Domain? / Pages crawled / Last update / Status
Domain1 4,163 4,230 Still busy
Domain2 8,158 40,200 Still busy
Domain3 9,644 19,100 Still busy
Domain4 39 35 Finished at 2002-06-02 00:30
Domain5 3 3 Finished at 2002-06-02 02:03
On domain2 and domain3, about half of the pages crawled thus far have been crawled in the last 14 hours alone. Starts slowly, speeds up gradually, goes crazy at the end -- classic Google.
Domain1 4,319 crawled; occasional sniffing but probably finished
Domain2 31,510 crawled and still busy
Domain3 11,482 crawled and still busy
Been watching the Domain2 crawling behavior with tail -f access_log ¦ grep "googlebot"
It spasms about every three minutes. During a spasm, it can fetch my little static HTML files at a rate of between 2 and 10 per second (yes, that's seconds!). Then it catches its breath for a few minutes, and comes back to do the same thing.
For me, that forever answers the question of whether it was a good idea to dump nearly the entire database into static files. The CPU load difference was between 10 and 100 times greater for this level of spidering when the files were all dynamic. Now it hardly makes a dent in the load. (This is just CPU load; bandwidth is not a problem for us.)
Lighter load + no program execution = faster delivery. Google doesn't have to wait, and may get deeper (assuming that there's no predetermined cutoff on the crawl for a given PageRank).
It also looks to me like the crawling is in directory-depth order, approximately. This is a strong argument for designing a shallow site, particularly if you're struggling with a situation where you're trying to get more pages crawled. I believe that Google comes into your homepage early or late in the crawling cycle, based on your homepage PR. Then it "guesses" at all other links it finds on your site and assigns them a home page minus one PR based on directory depth, and queues them in the crawl accordingly. Therefore, a shallow site helps provide a better PR on this guess. If you need Google to go deep, this might be helpful.
Once it gets the internal page, and goes through the monthly calculation, then the "guessed" PR is replaced with a real PR.

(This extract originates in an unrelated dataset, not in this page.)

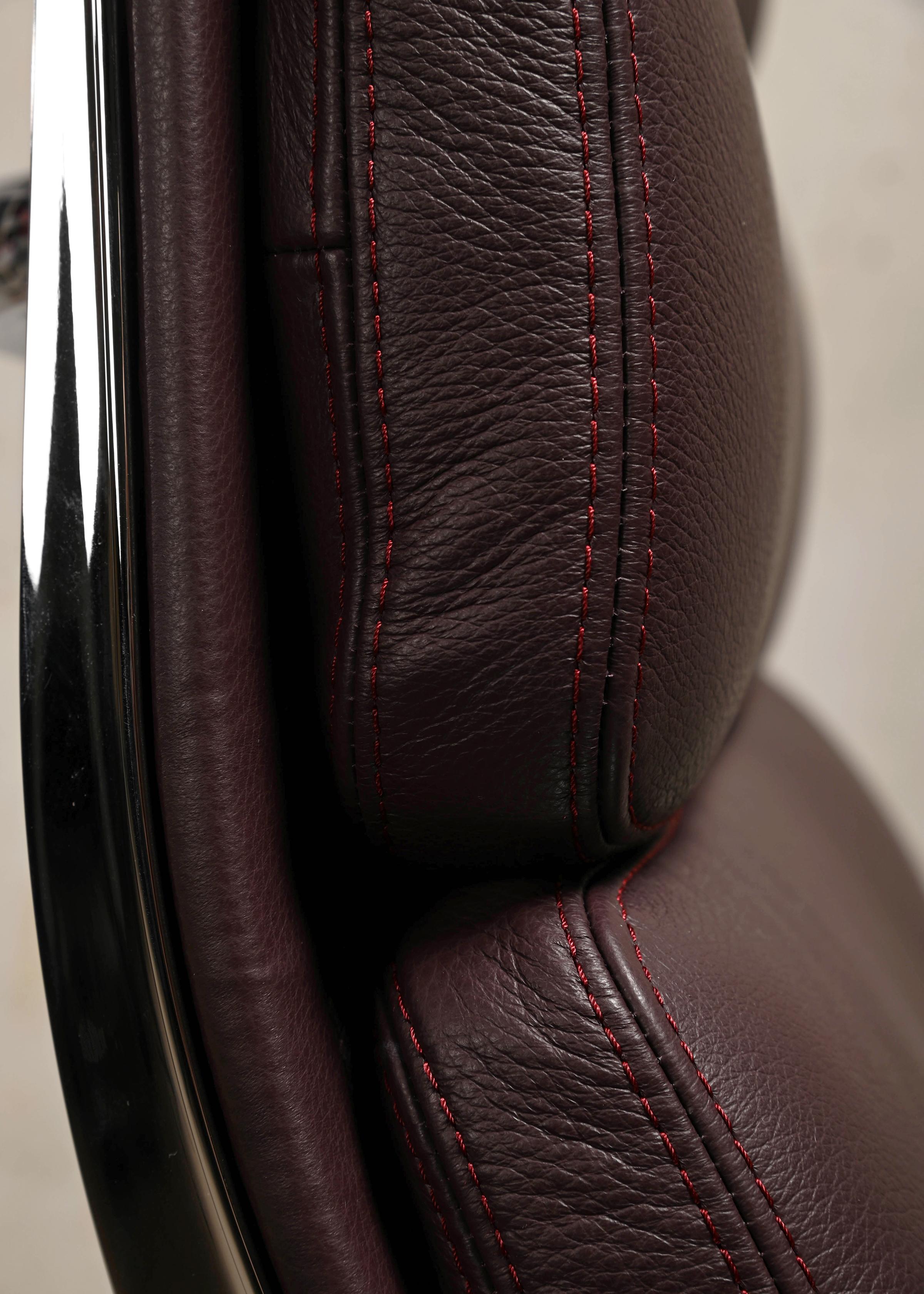 Charles & Ray Eames EA222 Chaise longue et pouf EA223 en cuir prune, Vitra en vente 10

A PR3 started yesterday, but Googlebot is pulling the pages at a fair rate to try and catch up :)
So I would say that PR does influence the order. perhaps there is simply a threshold - PR 4 and above get spidered first. That would also match up with the links that get shown in the "backward links" pages.
Does Google have a set differentiation between sites of PR4+ and everyone else? Does this affect anything else within Google?

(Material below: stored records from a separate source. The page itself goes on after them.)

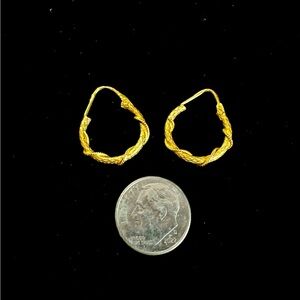 18k yellow gold hoops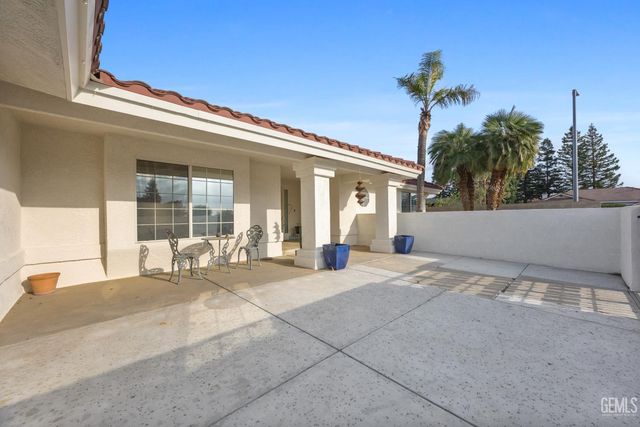 6001 Friedson Court, Bakersfield, CA 93306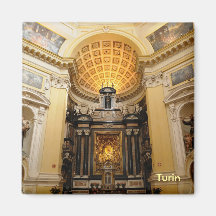 Igreja de Monte Cappuccini na montanha em Turin Imãs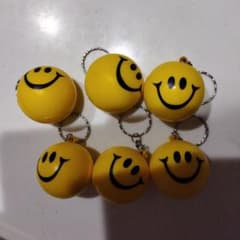 SMILEY FACE キーホルダー 6個セットのサムネイル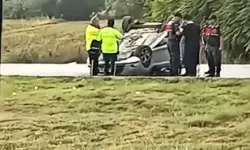 Kontrolden Çıkan Otomobil Ters Döndü: 3 Yaralı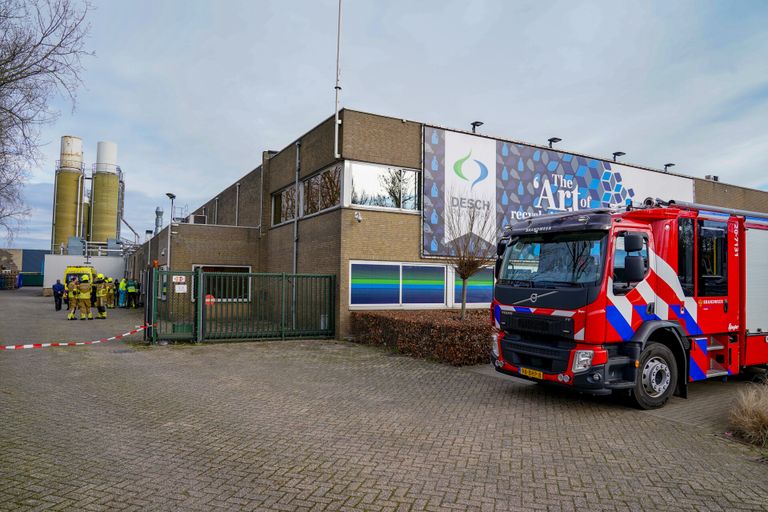 Het bedrijfsongeluk vond plaats aan de Altenastraat in Waalwijk (foto: Jurgen Versteeg/SQ Vision).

My big site, Domain2, got 95,000 picked up by the end. This is twice the usual, and only slightly under the maximum possible of 103,000 pages.
I'm very happy. Now I have to figure out whether everyone is getting a deeper crawl this month, or whether it is due to improvements in my internal-page cross-linking on that site.
And, of course, I'm very interested to see if the inside pages end up with a passable PR once the next update kicks in. If the internal PR wasn't damaged, I should be in very good shape.
I've been trying to crack that barrier of 40,000 to 50,000 crawled for 18 months now!
To tell you the truth, I've never been crawled like this before. My inbound links took a pretty good increase this last dance. But I guess I won't know if Google will show all these pages until next dance.
I've had 50,000 pages crawled before but never more than 45,000 pages listed.
1) It's extremely uneven and erratic. While I'm happy that googlebot picked up 95,000 pages this time, I have a bad feeling that half of them won't show up in the index. After one of the above posters mentioned the fact that typically, more pages are crawled than indexed, I checked my logs. Sure enough, while I've been seeing 40,000 to 50,000 pages in the index in past months, the crawls for March, April, and May fetched 52,000, 64,000, and 68,000 respectively. So even with the new high of 95,000 pages crawled, I'm not very optimistic.
2) Google came on June 1, and finished with me early on June 6. About 87,000 of the 95,000 pages it crawled were fetched in the last 14-hour period. It happened in spurts, which means that as many as 10 GETs per second were occurring at the height of each spurt. This would be bad news if I was still feeding dynamic pages to Google. It's crazy to do it this way.
3) Some 7,000 of the most important pages on the site did not get crawled this time, while in past months all pages in this important category were crawled. Despite the fact that this category of 18,000 pages is more important than the other category, it only got 61 percent coverage this time. The tremendous increase in the crawling depth occurred on pages in a less-important category, which saw about 97 percent coverage. I cannot figure out why Google did it this way, as the internal linking and directory structure is about the same for both categories.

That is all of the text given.